うまくいっているとそう事件なんか起こしません。本人が更生することは、同時に再犯防止になるわけです。まず反省させてから更生となれば、反省できない子は先へ進めなくなる。少年に罰を与えたからといって、なかなか反省できるものではありませんが、特に発達障害の子はそうです。
もともと人間は安全感を持てないと、本当の意味で反省できないと思います。「反省しろ」と言われてもできません。親の愛情を確認できたとか、「おまえのことを大事に思っている」と言われ、無視されずにいろんな人に愛されていたんだ、と感じて初めて気持ちが届く。生きていていいんだ、ここにいていいんだ、と実感できないと、反省なんか出てきません。もともと他人の気持ちが分かりにくい人には余計、きついでしょう。


「反省なき更生」ということですが、反省しなくてもいいということではなく、更生と再犯防止を優先しようということです。

英国はチャリティーの精神が発達していますから、政府もお金を出しますが、寄付も募ってたくさん資金が集まります。「貧しい者にこそ愛を」という考え方があります。「悪いことをしたんだからくたばれ。社会のごみ捨て場でみじめな人生を送れ」という発想はない。日本の場合、世間の見方はそんな感じではないでしょうか。
日本では、英国のように高原のコテージで学習を中心にして訓練を受けているような生活を見ると、怒りを覚える人が多いでしょうね。少年の更生プログラムも理解されにくいぐらいだから。少年院の料理なんか非常に低予算だけど、それでも、事件の関係者が見学すると、中には「こんないいものを食べさせているんですか」と感情的になる人もいます。
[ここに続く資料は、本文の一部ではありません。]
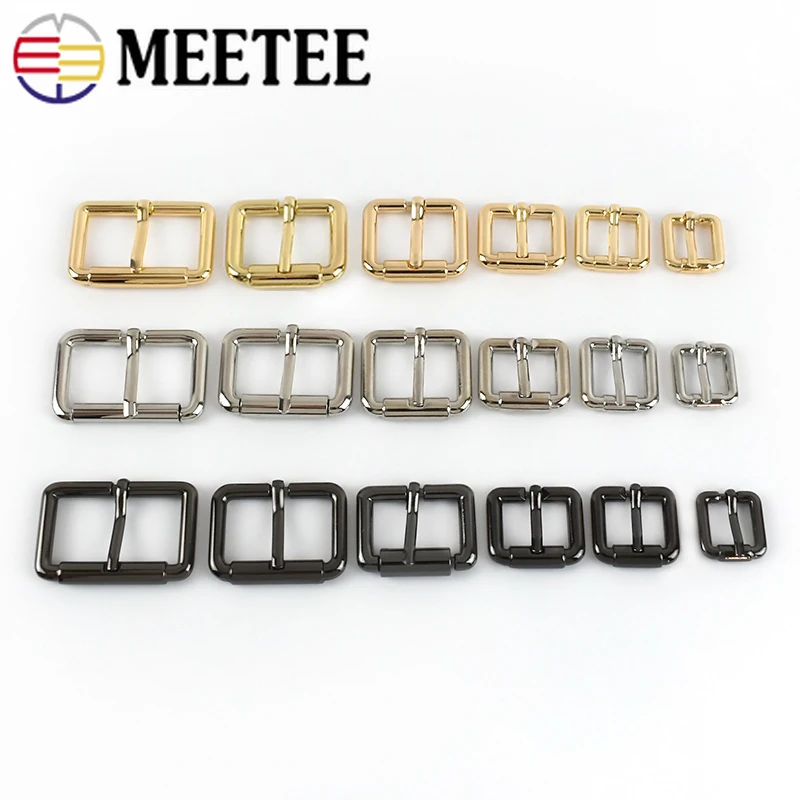 Металлические регулируемые пряжки Meetee 10-38 мм для сумок ремней кожаных рюкзаков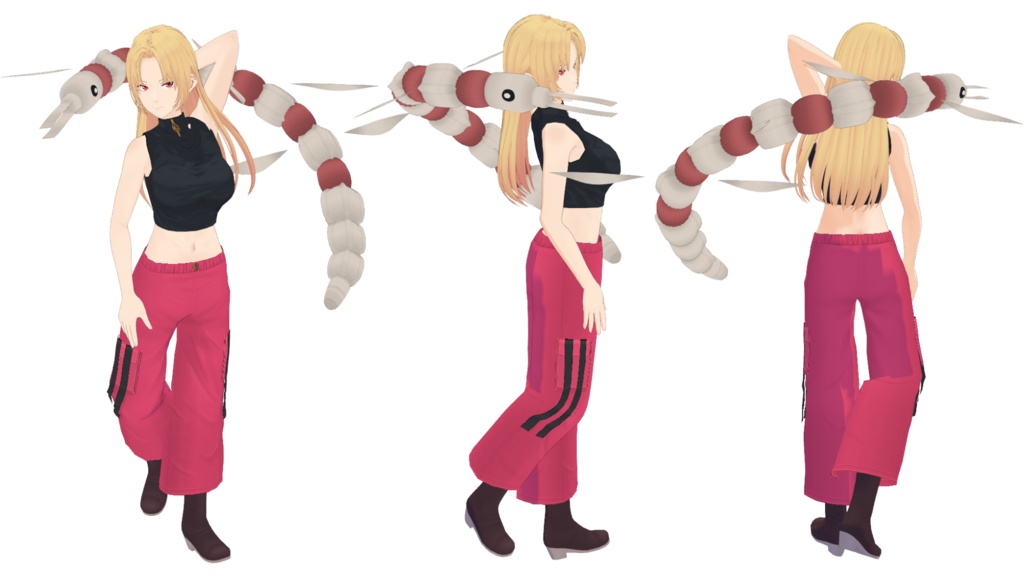 【VRoid】凰輪(ガルダ)【つけ髪】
刑務所を見学した人が、「こんないいものを食べているのか」とびっくりしてましたが、私もそう感じることがあります。
エマニュエル・ベルコ『太陽のめざめ』では、主人公(たしか15歳)は少年院か児童自立支援施設のようなところに入るわけですが、少年たちはタバコを普通に吸ってて、こんなんで更生するのかと思いました。
感情では納得できないわけです。
だけど、刑務所に入った犯罪者はいつかは出てきます。

久保貴「更生保護における保護司の機能に関する一考察」(『更生保護』2017年1月)にこうあります。

犯罪をした人や非行のある少年の社会復帰を援助する更生保護は、成熟した社会には不可欠のものです。ここでいう成熟した社会とは、犯罪や非行のない社会ではなく、犯罪や非行をした人たちが再び社会に戻り、通常の社会生活を送ることができる社会です。

久保貴氏によると、犯罪をした人を社会から排除するだけでは、安全・安心な社会を維持できません。

加害者の人権ばかり守られて、被害者の人権はないがしろにされている、という意見を耳にします。
被害者の救済や支援と、加害者の更生は分けて考えないといけないと思いました。
そして、再犯しないことも償いの一つではないでしょうか。